= Beginning of Section =
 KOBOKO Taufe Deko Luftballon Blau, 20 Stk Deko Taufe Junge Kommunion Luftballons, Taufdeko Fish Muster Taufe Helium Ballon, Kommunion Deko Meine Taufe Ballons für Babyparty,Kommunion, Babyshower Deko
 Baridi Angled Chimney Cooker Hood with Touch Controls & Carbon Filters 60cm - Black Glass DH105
= End of Section =
= Beginning of Section =
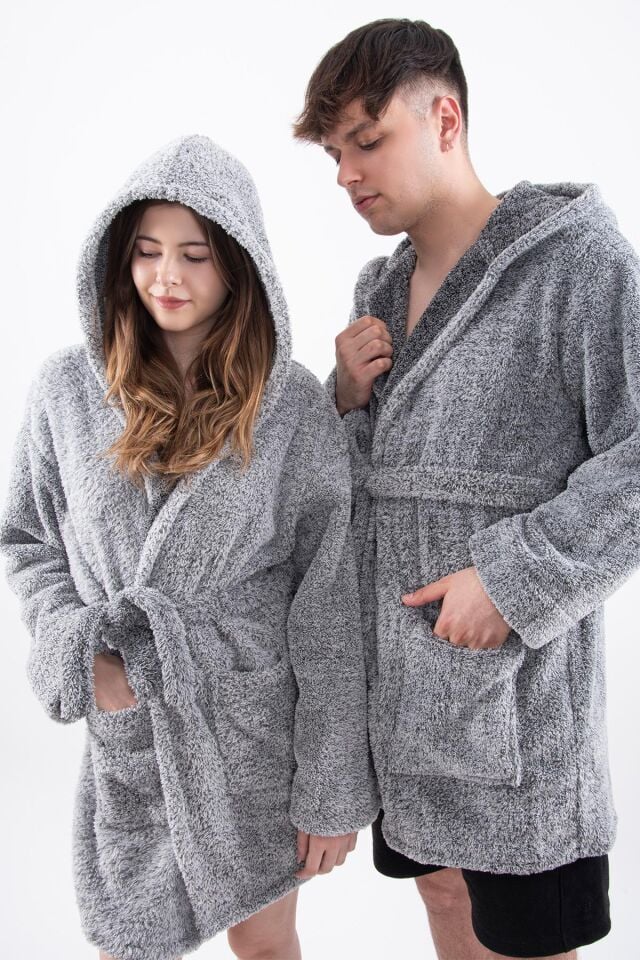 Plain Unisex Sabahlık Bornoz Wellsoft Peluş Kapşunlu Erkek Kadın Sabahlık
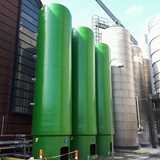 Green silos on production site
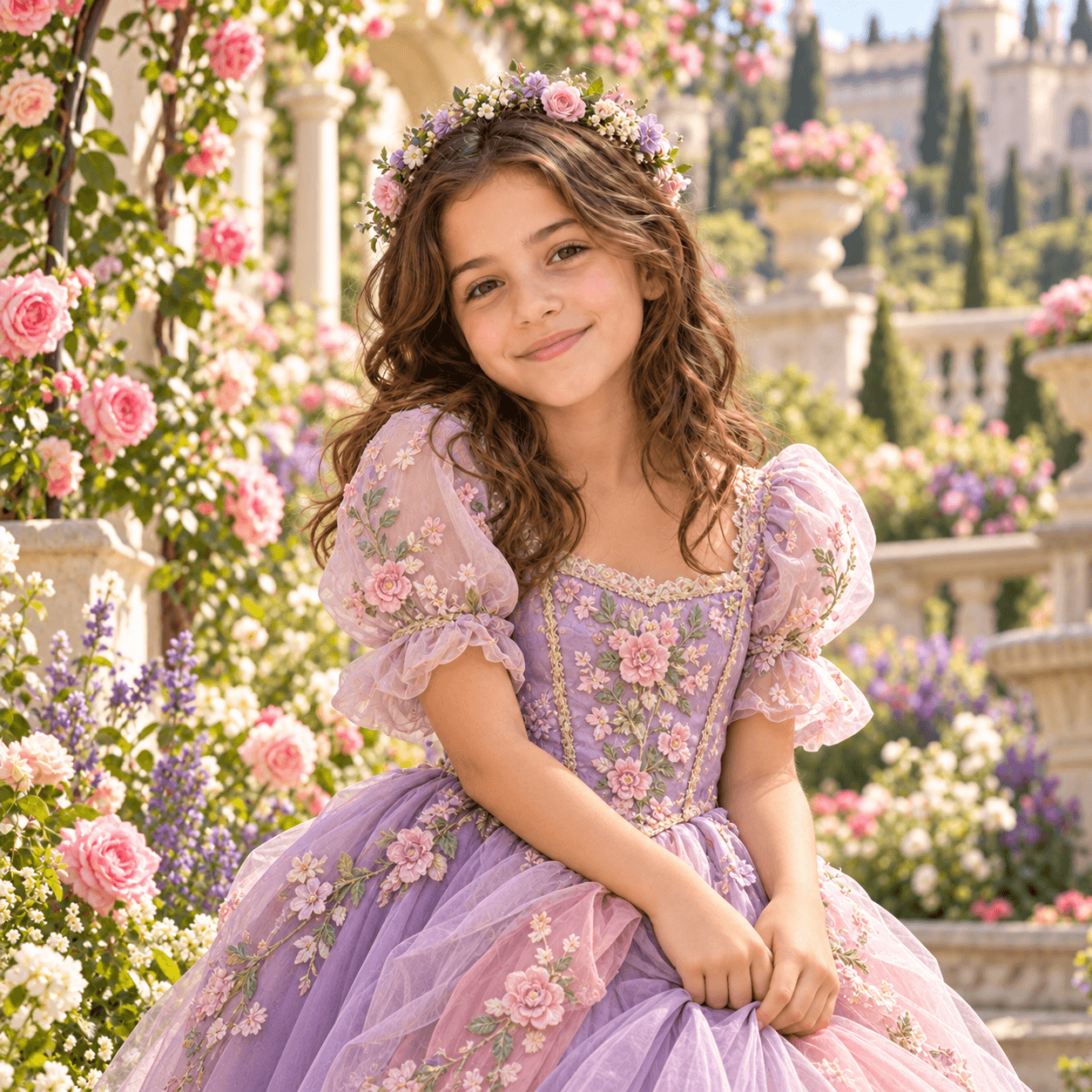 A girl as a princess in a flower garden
= End of Section =
= Beginning of Section =
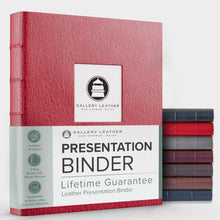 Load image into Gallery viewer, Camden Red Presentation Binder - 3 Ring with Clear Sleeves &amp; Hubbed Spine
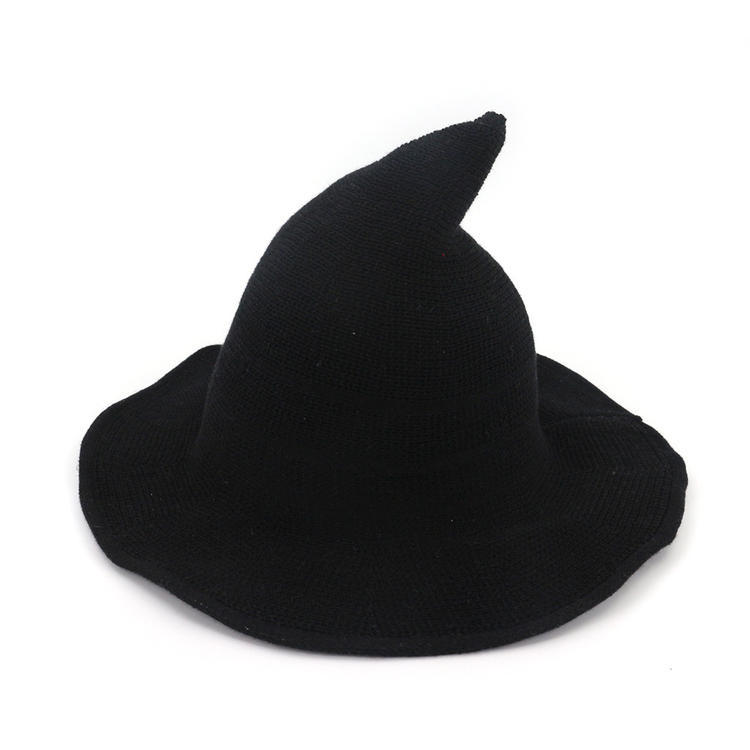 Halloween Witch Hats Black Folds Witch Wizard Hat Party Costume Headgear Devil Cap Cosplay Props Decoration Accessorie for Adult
= End of Section =
Nothing outside the stretch above, from the line with "Green silos on production site" through the line with "A girl as a princess in a flower garden", is set down. Transcribe that stretch exactly, ends included, but not its pictures.

Answer box >>
 Green silos on production site
 A girl as a princess in a flower garden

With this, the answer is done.